Almost without exception, commercial petrols would build up deposits on the components of an engine's intake system over time if they weren't additized. A number of additives have been developed which prevent and/or remove intake system deposits. Unfortunately, some of them increase combustion chamber deposits, solving one problem, but creating another. Since all base petrols are formulated to the same regulated specifications, the performance of the deposit control additive is one of the few features that differentiates one brand of petrol from another.

* Fuel Injectors and Carburetors
Fuel injectors are designed to accurately meter fuel to the engine and to deliver it in a precise pattern of fine droplets. Because the fuel passages are small, injectors are highly sensitive to small amounts of deposits in the critical regions where the fuel is metered and atomized. These deposits can reduce fuel flow and alter the spray pattern, degrading drivability, decreasing power and fuel economy and increasing emissions. Deposits cause similar problems for carbureted engines because carburetors also use a number of small channels and orifices to meter fuel. Port fuel injector (PFI) deposits are believed to form during the hot soak period after the engine has been turned off. The stationary petrol trapped in the injector is exposed to a higher temperature for a longer time than the petrol which flowed through the injector when the engine was running. The heat degrades the petrol, initiating deposit formation.

* Intake Valves and Ports
Intake valves and ports are subject to more deposit build up than fuel injectors because they operate at higher temperatures. Heavy valve and port deposits reduce maximum engine power because they restrict airflow. Intake valve deposits also have been shown to affect exhaust emissions. In some very sensitive modern fuel-injected engines, low levels of intake valve deposits can degrade cold start and warm-up driveability. Other valve deposit problems include valve sticking in very cold weather - because deposits interfere with the valve stem sliding in its guide, and burned valves - because severe deposits prevent the valve from seating properly.


* Combustion Chamber
When an engine is brand new, its octane number requirement is determined by its design and the quality of its manufacture. Generally, it will not knock when operated on petrol with the antiknock quality prescribed by the manufacturer. However, the engine's octane requirement increases as combustion chamber deposits form during the first several thousand kilometers of operation. If the increase is large enough, the recommended petrol octane rating may not prevent knocking or, if the vehicle is equipped with a knock sensor, the loss of power which accompanies knock suppression may occur.

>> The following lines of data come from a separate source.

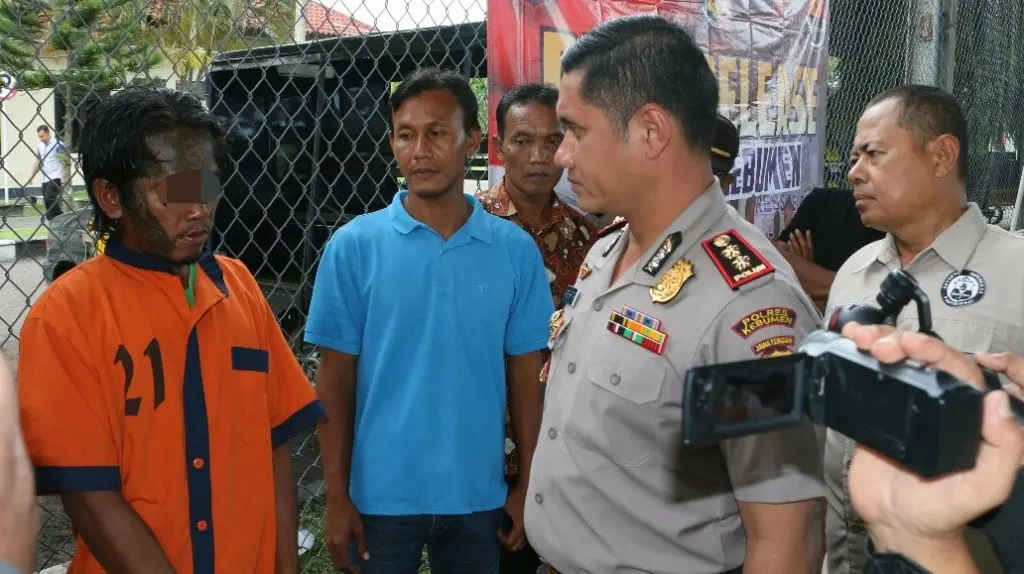 Pemuda dengan bertato di wajah tersangka pembunuhan ibu kandungnya di Kebumen. (Foto: Liputan6.com/Polres Kebumen/Muhamad Ridlo)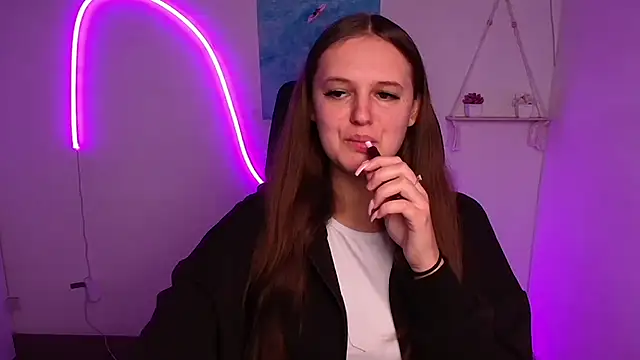 Aurora White online show from October 20, 11:21 am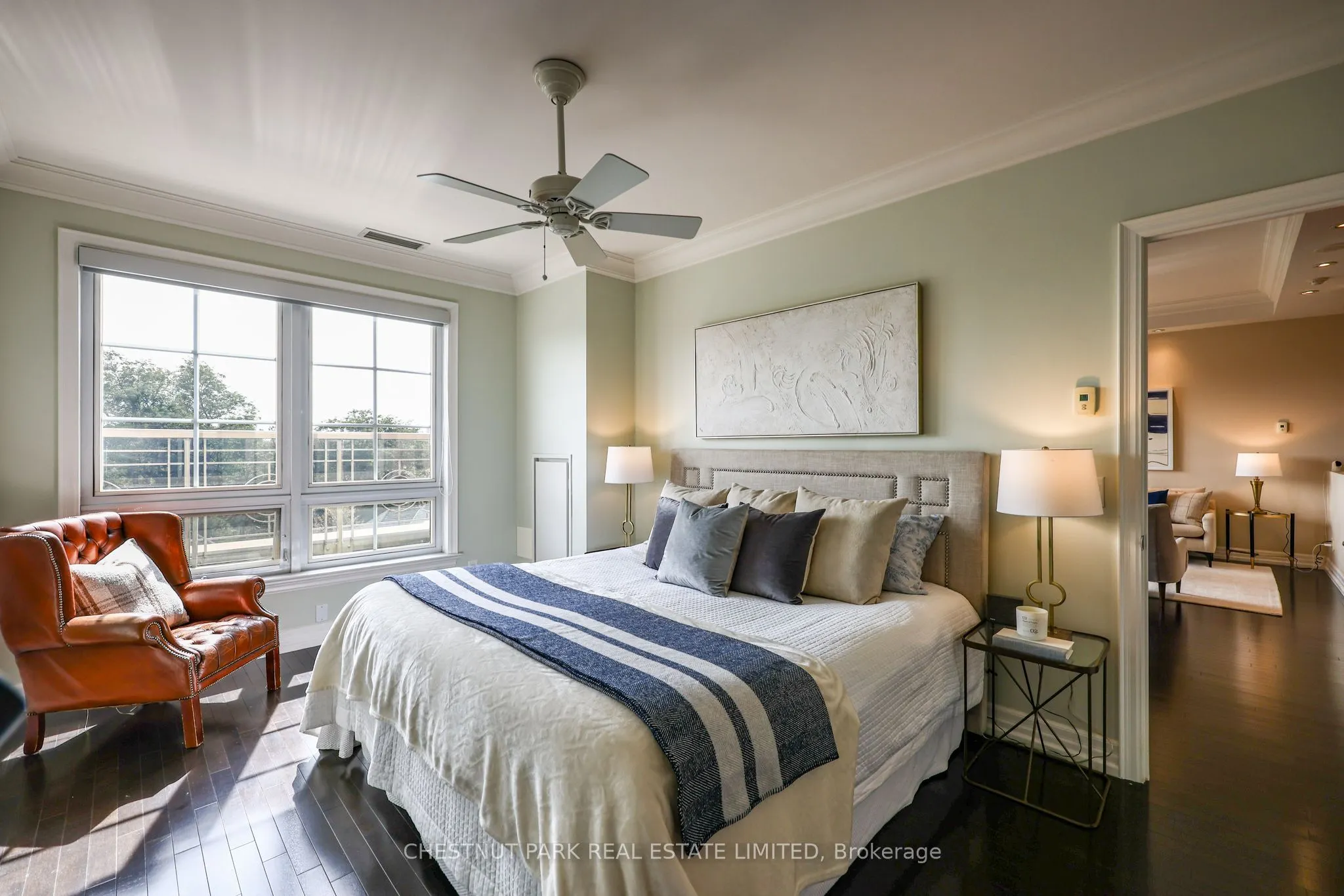 21 Burkebrook Place #517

Combustion chamber deposit interference (CCDI) is a new problem that has occurred in a few modern engines. It is the result of physical contact between deposits located on the piston top and cylinder head and is manifested as a very loud banging sound when the engine is cold. CCDI is limited to the engines which have been designed, primarily to reduce emissions, to have minimal clearance -1 millimetre or less - between some areas of the piston top and the cylinder head (squish areas) when the piston is at top dead centre. Deposits contribute to CCDI, but poor control of manufacturing tolerances in the susceptible engines also can be a factor. CCDI occurs primarily at cold-start. The interference and the telltale sound disappear as the engine warms up and the thermal expansion of the various engine components increases the clearance between the piston top and head at top dead centre.

Historical Development of Deposit Control Additives

* Carburetor Detergent
This class of additives consists of relatively inexpensive low-molecular-weight surfactants used at low concentrations. When introduced in 1954, they were effective in preventing and, in many cases, removing deposits from carburetor throttle bodies. However, they could not handle deposits in other parts of the carburetor, like the air bleeds, or in the rest of the engine intake system. The introduction of PCV and EGR emission control systems in the 1960s and 1970s increased deposit levels in the whole intake system. As a result, carburetor detergents were not as effective as they were in the simpler 1950s vehicles.

* Detergent-Dispersants
This class of additives consists of polybutene succinimides. Additives with similar chemistry had been used widely as engine oil dispersants before the chemistry was applied to petrol in 1968. Detergent-dispersants are used at concentrations three to five times higher than carburetor detergents. Their performance is sometimes improved by using them in combination with a petroleum carrier oil. They provide keep-clean performance for the intake manifold and intake ports. But they don't control intake valve deposits and have poor carburetor and fuel injector clean-up performance.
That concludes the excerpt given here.